The formation of medical specialists in Spain is regulated by a 1984 law [61], and it has been developed through a competitive national residency program since 1989 [62]. Today this program oversees 48 different medical specialties. Despite SEMES efforts to include EM as one of these specialties, this has not yet occurred. From conversations between the SEMES and the Spanish health authorities, it seems that the creation of the EM specialty will be linked to a fully redesigned residency program, which transforms the residency system from 48 individual specialty programs working independently to a few branches joining specialties with common program parts, where uniform training will be given during the first years of residency. Thereafter, specific specialty training will be completed during the last years. First drafts have placed EM in the same branch as family medicine and internal medicine, with 2 years of common training and 3 additional years of specialized training in EM. These drafts were proposed by the SEMES [63] and other scientific societies as well as by the “Pre” Council of Emergency Medicine [64] (created by the Ministry of Health); however, they are still pending approval by the Minister of Health. This is in accordance with the EM curriculum launched by the EuSEM [65] and recently approved by the UEMS (European Union of Medical Specialists), which has been fully subscribed to by the SEMES. Meanwhile, EM is being developed for doctors coming from family medicine, internal medicine, pediatrics and intensive care specialties; in some cases these doctors will dedicate their professional lives to EM practice.

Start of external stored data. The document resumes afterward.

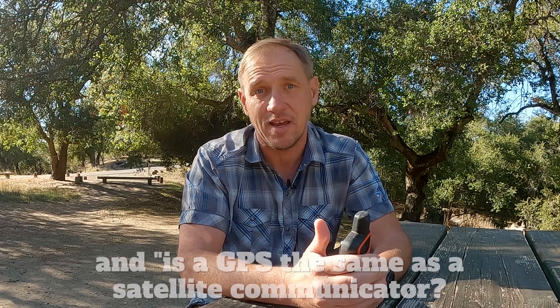Hey everyone. This is a question I get asked fairly often, so I figured I'll make a quick video in case it might be helpful to some, mainly beginners. If you are familiar with GPS and satellite communicators, this will not be probably useful for you. But the question I get is: what's the difference between a GPS and a satellite communicator?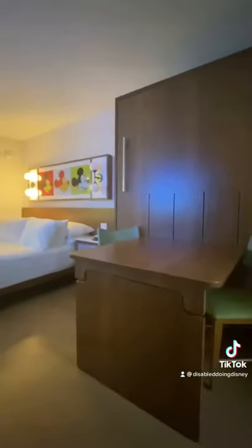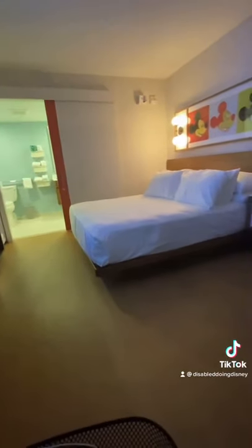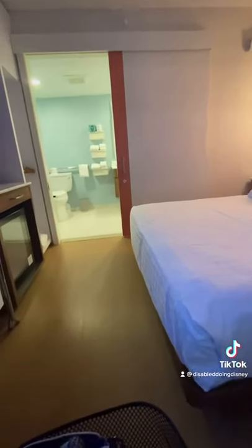So this is a Murphy bed. And then our bed is a little bit lower so that it's handicapped, like wheelchair height. So there's no under bed storage there.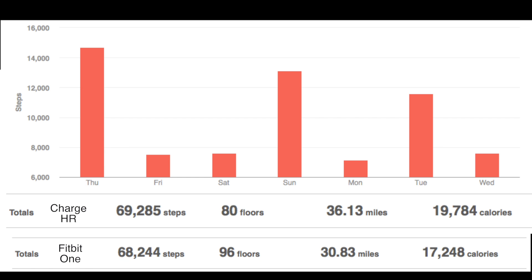Here are the week totals. You can see there's roughly a thousand steps difference. Although the Charge HR had fewer steps on one day, it made up for it with extra steps elsewhere, so they came in pretty close overall. I still use the Fitbit One most of the time, but if I want to see my heart rate or do something more active, I wear the Charge HR for that feature. I hope this is helpful — good luck walking, and thanks for watching.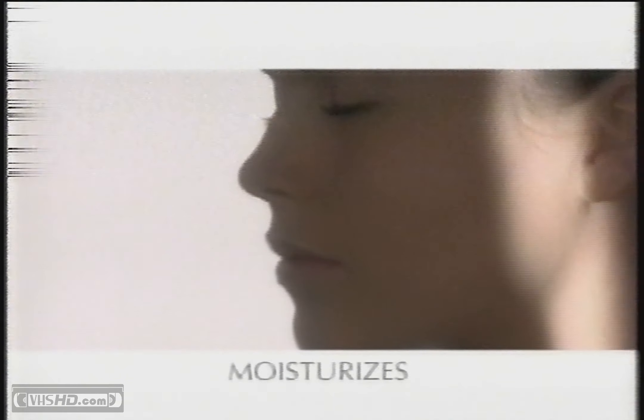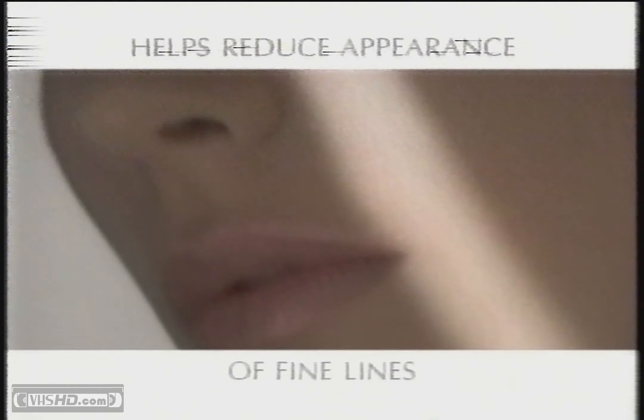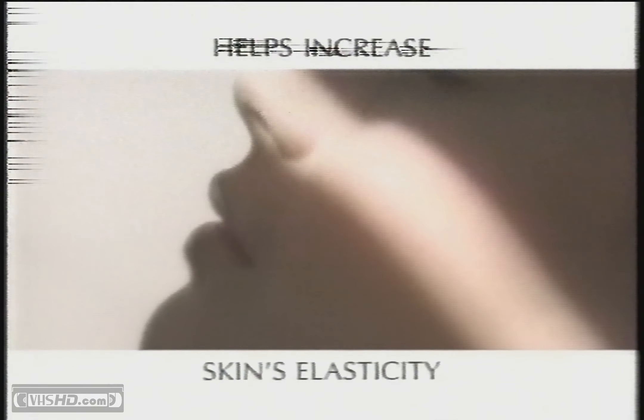As time goes by you notice skin losing elasticity and fine lines appearing on the surface. So what can we do? Clinical tests on this night cream from Oil of Olay have proven results. It works in three stages: it replenishes your skin with rich moisture, helps to reduce the appearance of fine lines, and helps increase skin's elasticity.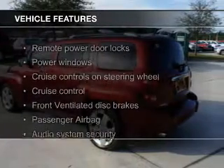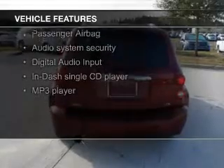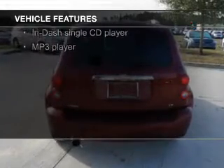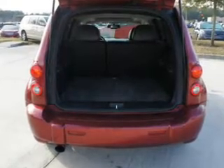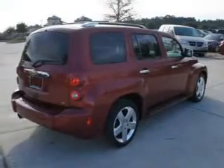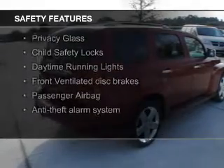The features include digital audio input, auto-dimming mirrors, an adjustable tilt steering wheel, an alarm system, power seats, cruise control, keyless entry, a trip computer, an MP3 player, and privacy glass.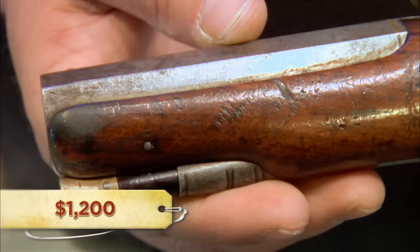How much were you looking to get out of it? I think it's probably worth somewhere around $1,200. If it was in better shape, I could see it being worth $1,200. I'll give you $400 for it.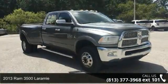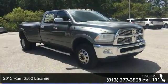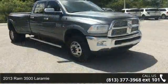Arrive in style with this 2013 Ram 3500 Laramie. This may be the set of wheels you've been looking for.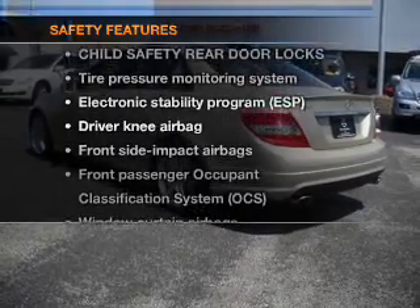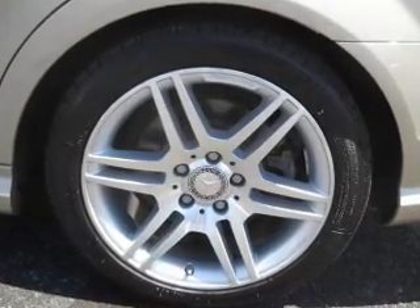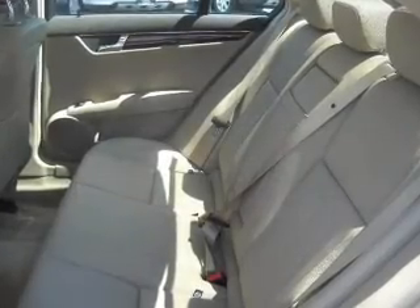And for your peace of mind, the following safety equipment is included: stability control. Our website offers more information on all of our vehicles. Call us today to start test driving.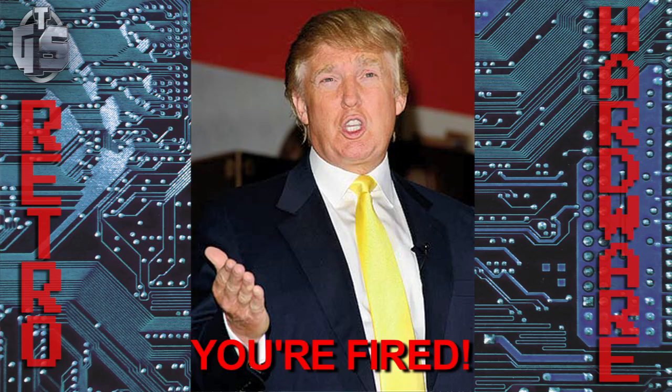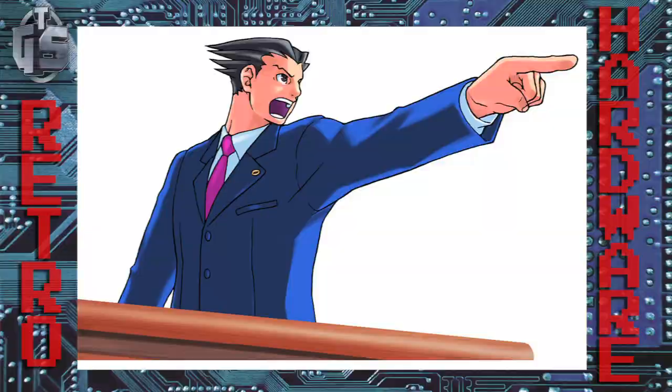Gunpei Yokoi shortly left the company afterwards. It was Nintendo's first big failure and some say Yokoi was the fall guy and he was fired. Others say that's not true and Yokoi was actually planning on retiring at age 50 but stayed on at Nintendo to see the Virtual Boy through to market. Some speculate that the Virtual Boy was never supposed to go to market in its current state — it was more of a working prototype that went to mass market.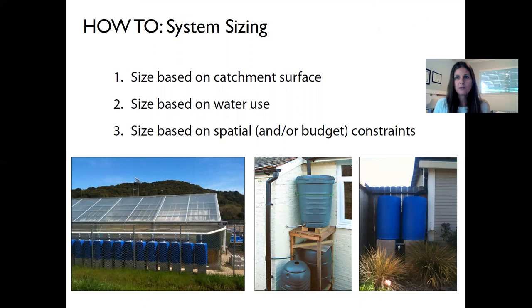Now for the practical side — how to size a system. There are three things to understand. First is the size of your catchment surface: basically, how big is the section of your roof you're going to collect from? You might find you have more water available from your roof than would be practical to catch and store. The second question is how much water are you going to use? And the third is: what are your budget and spatial constraints? Often it comes down to that — once you realize you could catch way more than you can store, the question becomes what can you actually fit?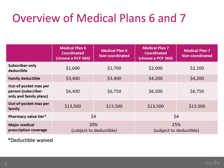Here you can see the differences between coordinated care and non-coordinated care benefits. You get a lower individual deductible, lower out-of-pocket maximum, and lower co-insurances for certain services if you choose coordinated care.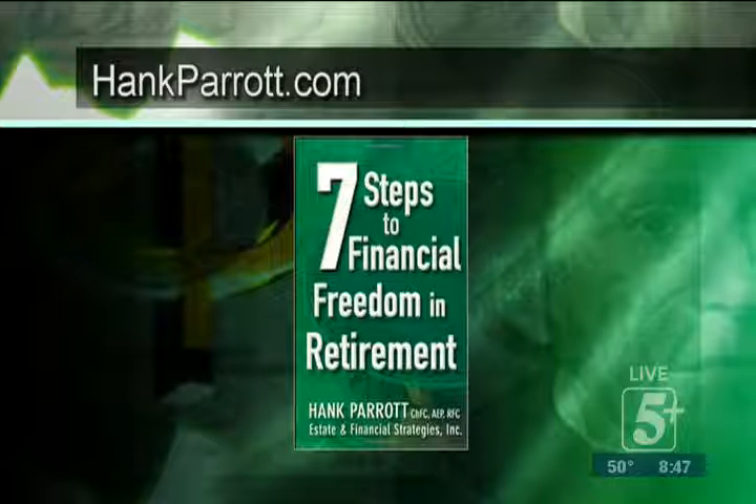We're going to take another break. Join us — we'll get right back into this. Hopefully it's been a big help to you; there's much more to come. We'll be right back on The Retirement Report.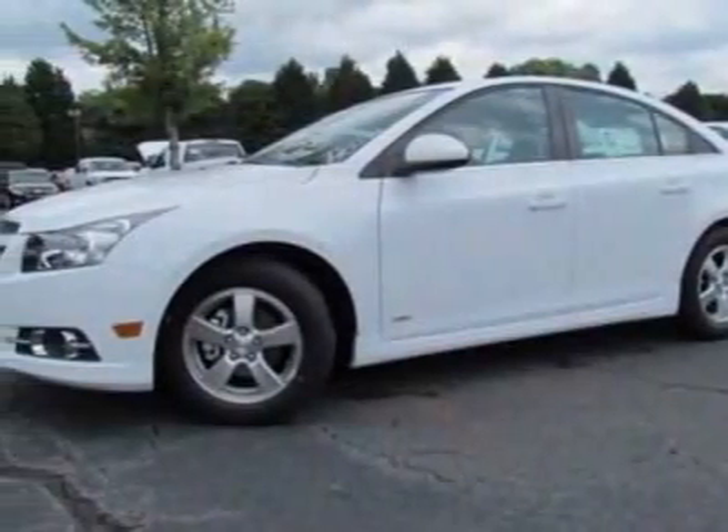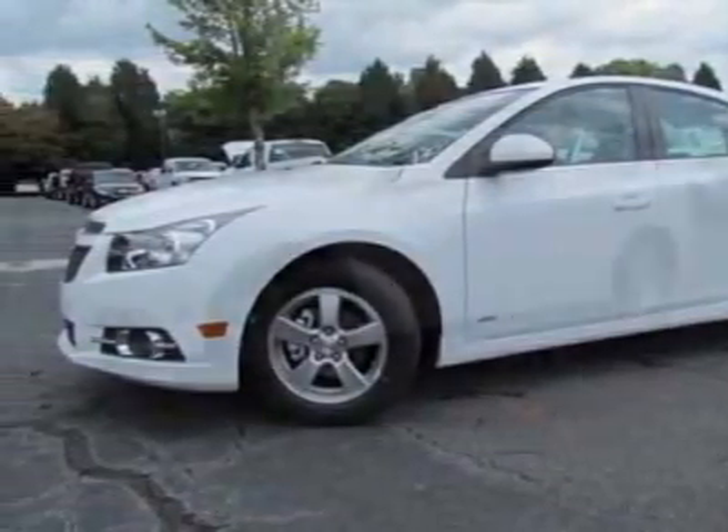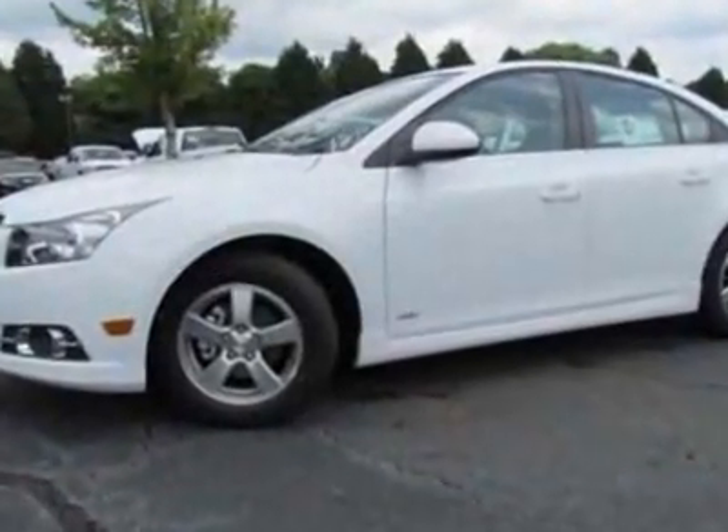Take a look at this new 2012 Chevrolet Cruze. For your protection, this vehicle has a full factory warranty.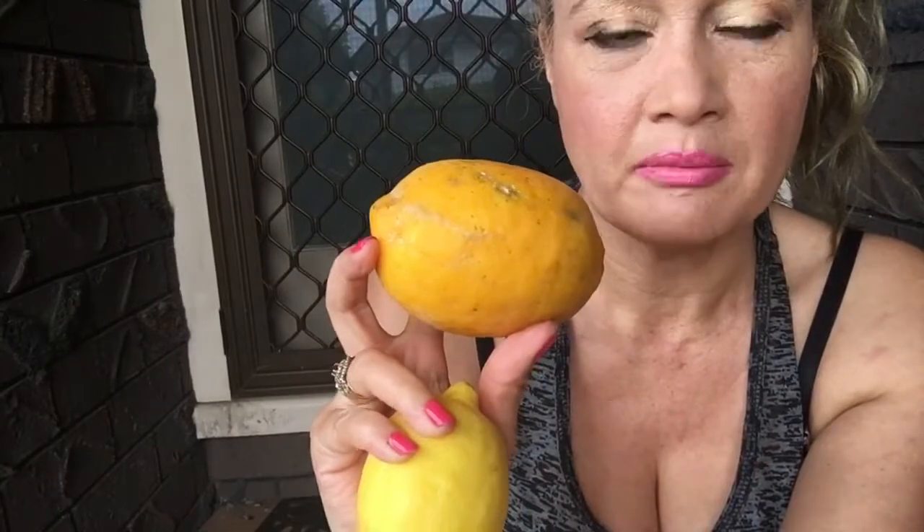Lemons are so good for you. You can eat the skin and all. I'll show you what I do with the lemon. It's actually really, really delicious. It's really sweet, and there's so much juice in there. You can see it all dripping out — all the juice. It's beautiful.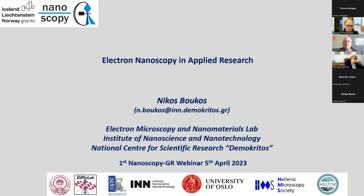Hello, can you see my presentation? Yes, you can. Thank you very much, George. I would like to discuss electronic nanoscopy in applied research.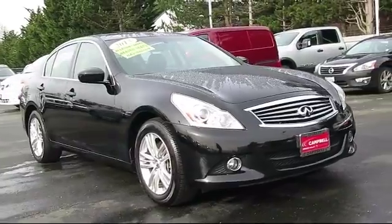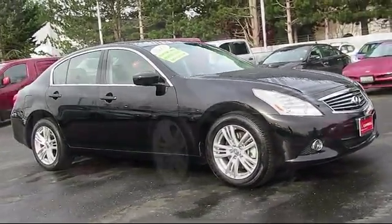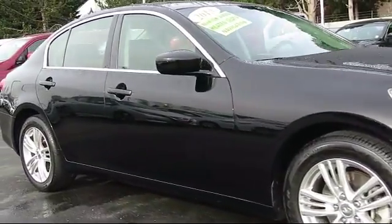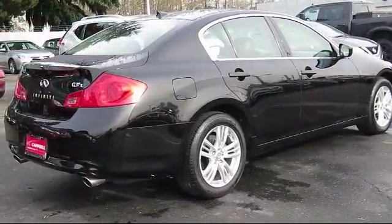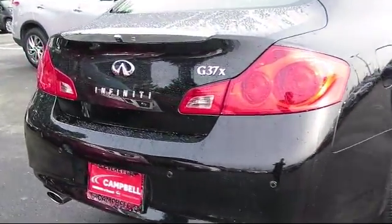It comes equipped with keyless entry, heated front seats, steering wheel controls, alloy wheels, bi-xenon HID headlamps, air conditioning, traction control, side airbags, CD player, power windows, and has less than 40,000 miles on the odometer.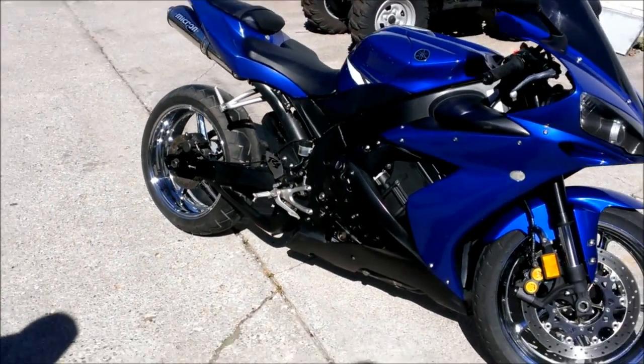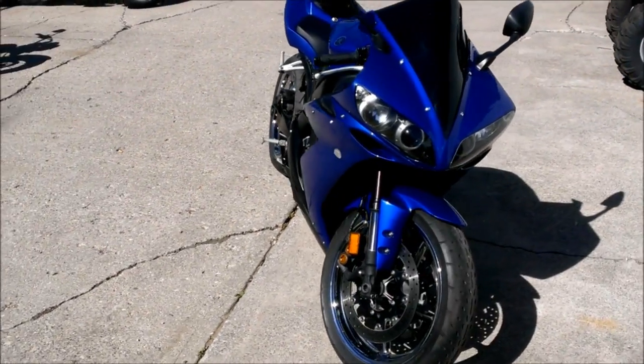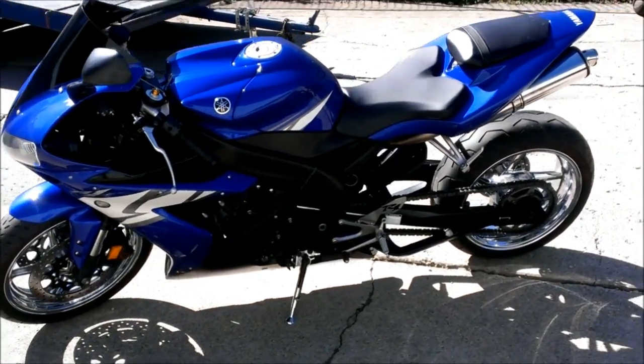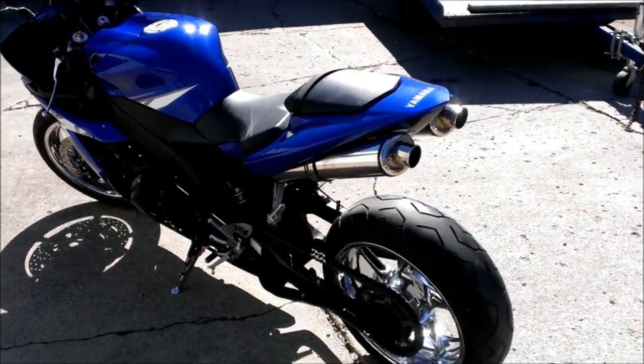We've got a 2004 used Yamaha R1 for sale with chrome rims. This R1 is sharp — chrome wheels, oval micron stainless steel exhaust, fender eliminator kit, integrated LED rear turn signals, flush mount front turn signals, tinted windscreen and more. Don't miss this R1,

A mechanism for the recognition of such doctors as specialists in EM is also anticipated with the proposal that they be recognized as EM specialists made by the government coinciding with the approval of EM as a primary specialty. Both launching EM residency and recognition of current EM physicians are still waiting to be published as a Royal Decree [66].

Research in emergency medicine

The research activity from 1975 to 2004 produced 606 papers (20.2 per year) authored by Spanish EPs in indexed journals: two-thirds written in Spanish, 50% original research and most from EPs working at hospitals. Research showed a great dispersion, since 137 centers yielded at least one paper, although the majority came from Catalonia, Andalusia and Madrid. The average impact factor was 1.11, with an index of no citation of 45%, and indexes of in-hospital, out-hospital and international collaborative studies of 57%, 19% and 4%, respectively. All these indexes were lower than those observed for the whole Spanish scientific production, although they showed a significant improvement over the last 30 years [67]. However, the production volume of Spanish EPs ranks among the lowest among other medical specialties in Spain (hematology, endocrinology, cardiology, respiratory, gastroenterology, pediatrics, surgery and trauma) and those of EPs abroad (USA, UK, Ireland, Italy, France, Germany, The Netherlands and Belgium). By contrast, the ratio of productivity of Spanish EPs over the last 10 years has shown the greatest increase among all the Spanish medical specialties examined and ranks only second among that of EPs abroad, being only surpassed by that of specialists from The Netherlands [68]. These results have been achieved regardless of the fact that papers published by Spanish EPs in indexed journals only account for half of their overall work, with the remaining articles published in EMERGENCIAS, the scientific journal of SEMES, which is currently not indexed [69, 70]. This is additional proof that the EM specialty in Spain is a reality despite the lack of official approval.